Unless agreed otherwise in writing by Seller, all prices are stated in U.S. Dollars and Ex Works Seller’s shipment facility. The prices offered apply only to the specific quantities, specifications, and delivery schedules set forth in Seller’s Offer. Any variation in quantity, specifications, or delivery schedules may necessitate a price and/or delivery schedule adjustment. All prices relate to the Good or Service only, in particular the prices do not include the costs of installation, teaching, training or instruction or other auxiliary services, unless agreed to in writing.

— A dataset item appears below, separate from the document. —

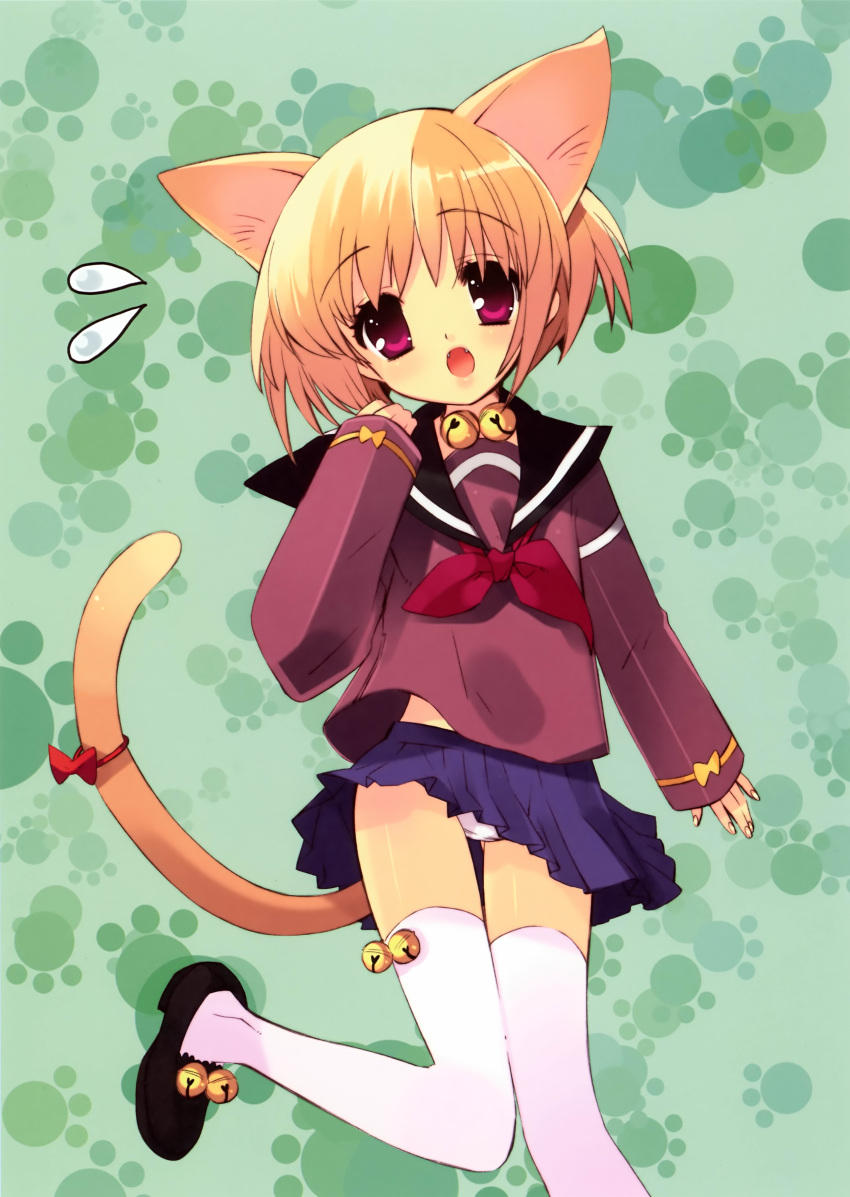 animal_ears, blonde_hair, cat_ears, highres, itou_noiji, koihime_musou, noizi_ito, panties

5. PAYMENT AND ACCEPTANCE; PAYMENT TERMS; INTEREST
Unless otherwise agreed to by Seller, payment must be received by Seller prior to Seller’s acceptance of an Order. Payment for the Goods and Services will be made by credit card, wire transfer, or some other prearranged payment method unless credit terms have been agreed to by Seller. Invoices are due and payable within the time period noted on the invoice, measured from the date of the invoice but in no event later than fourteen (14) days after receipt of invoice. Seller may invoice parts of an Order separately. Seller is not responsible for pricing, typographical, or other errors in any Offer by Seller and reserves the right to cancel any Orders arising from such errors. All amounts due to Seller but not paid by Buyer on the due date bear interest payable by Buyer to Seller in U.S. Dollars at a rate that is equal to the lesser of (i) one and one-half percent (1.5%) per month, or (ii) the maximum interest rate permitted under applicable law. Buyer will also be liable to Seller for any expenses incidental to collection of past due amounts, including reasonable attorney’s fees and court costs.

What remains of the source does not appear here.